The Dilnot Report from 2012 is the best guide through this economic and moral maze. Dilnot argued that the extreme situation of great longevity with 24-hour care requirements is a “tail risk” which has to be covered by social insurance – that is the taxpayer – since the private insurance market will not meet it. But families can reasonably be expected to meet some of the cost; he suggested a cap of £70,000. There would also be a lifting of the minimum value of assets at which means-testing begins for all forms of social care: currently around £23,000, which effectively ensures that all homeowners pay for their care whether they are at home or in a residential home (albeit with complex local variations).
Dilnot seemed at the time to be a reasonable compromise. The coalition government approved it in principle. But there was hostility from those who thought the cap was too low and those who thought it too high (including the Treasury which would have to contribute as much as £2bn.) The subsequent Conservative government stalled.

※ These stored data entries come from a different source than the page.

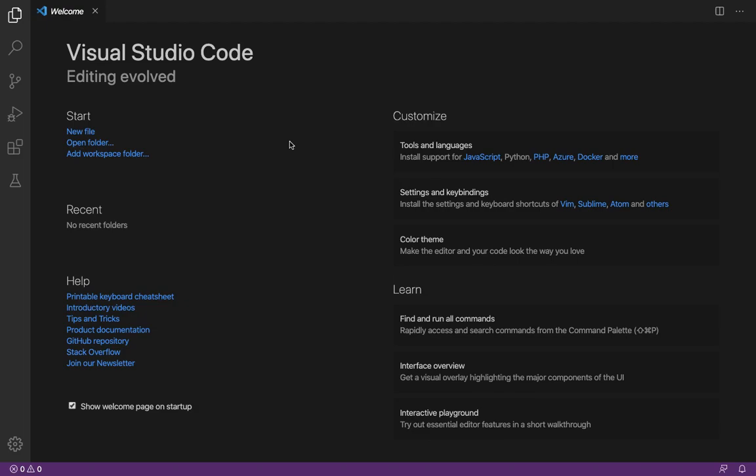Hey, welcome back to a Deck Load. Today we will be making a local server into a live server on your own desktop without any hassle. Let's get started.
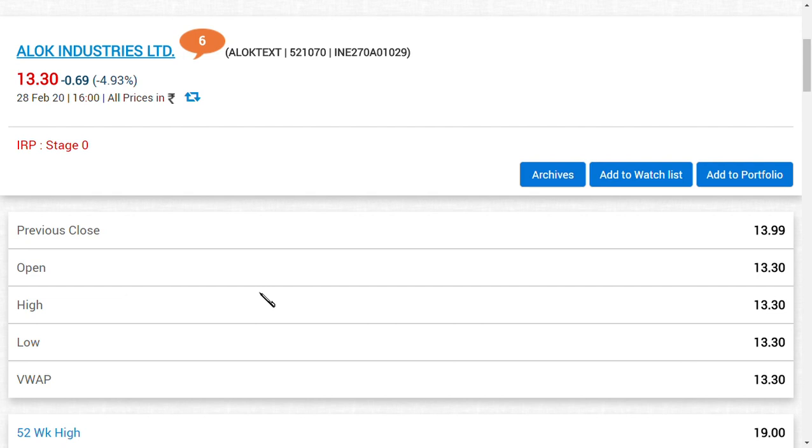Hi friends, welcome back to my channel and very happy evening to you all. In this video, we're going to see about ALOK Industries Limited. What I want to speak about ALOK Industries Limited is that the category of trading segment is going to change from T to B.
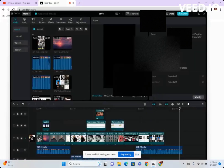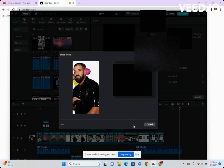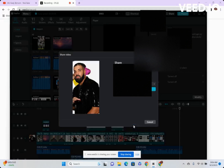So instead of just exporting it straight, cancel that. Go to Share, then Export and Share. After this is done loading, it will give you a link. Just wait a little while here — boom, copy the link.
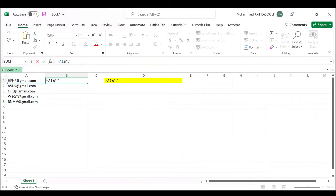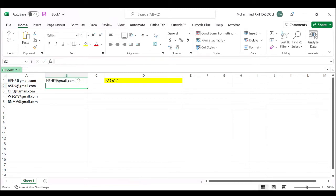Paste the formula into the formula bar and press the enter key. Select cell B1, drag the fill handle down to the range you need.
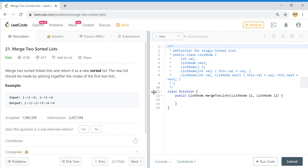Let's merge two sorted linked lists. I previously solved merging k sorted linked lists, but in this case we just need to merge two. The idea is still the same, but the looping process is simpler. Understanding this will also help with similar problems like flattening a linked list, which also builds on this base concept of merging two sorted lists.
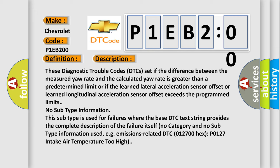No subtype information. This subtype is used for failures where the base DTC text string provides the complete description of the failure itself. No category and no subtype information used, e.g., emissions-related DTC 0127 00HX P0127 intake air temperature too high.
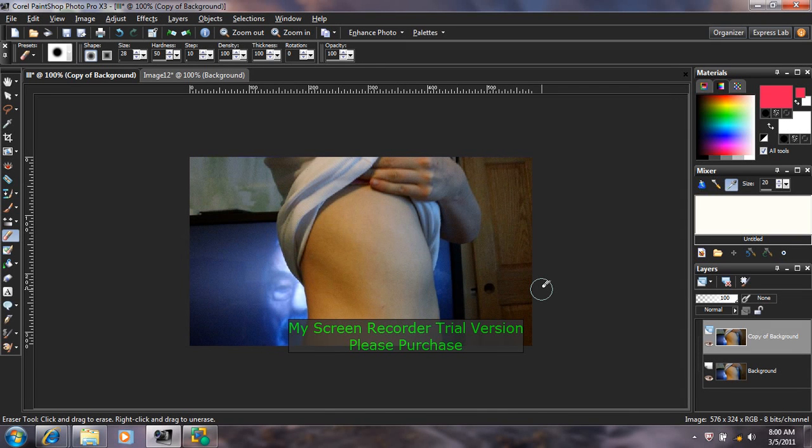In this tutorial, I'm going to show you how to apply a tattoo to somebody's skin in PaintShop Pro.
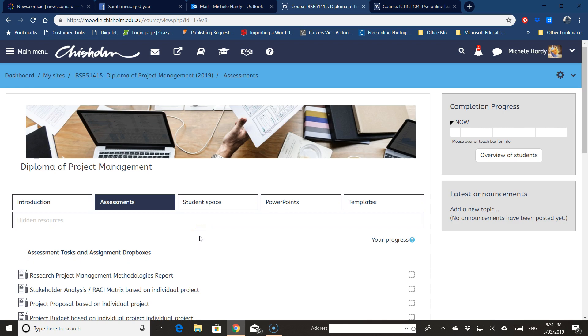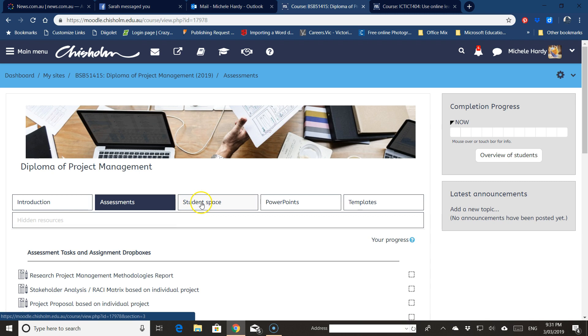Okay, just demonstrating how to do a group override for assessment tasks. This can be done by any non-editing teacher on any of the live sites. So you can see here I've got the assessments in front of me.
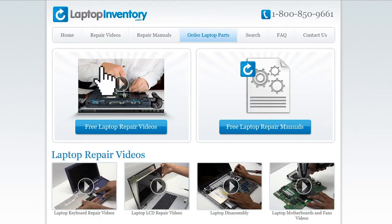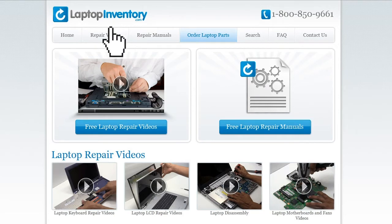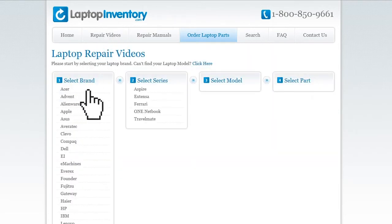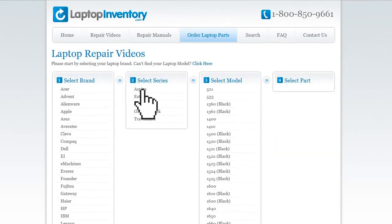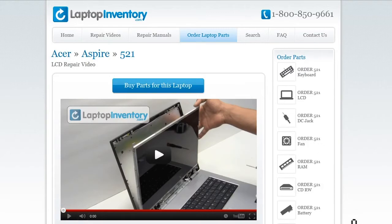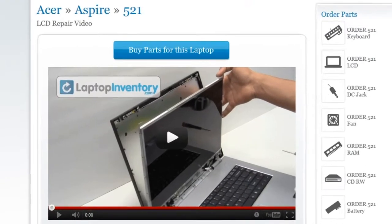Simply go to LaptopInventory.com, select your laptop brand, series and model, and find the exact repair video for your laptop.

My expectation is that this government may finally use the political space created by Brexit being “done” and the political comfort of a solid parliamentary majority to adopt some slight variation of Dilnot and pronounce the social care problem similarly “solved”. Some of the immediate, individual family financial crises will be alleviated. But the much bigger issue of ensuring that there is quality care in the community by properly funded professional carers to meet the needs of the disabled and the growing number of frail-elderly will remain.
Without strong economic growth and a government willing to tax a lot more to spend a lot more, professionalising care and treating carers properly will be unattainable. Future governments will be left to grapple with it.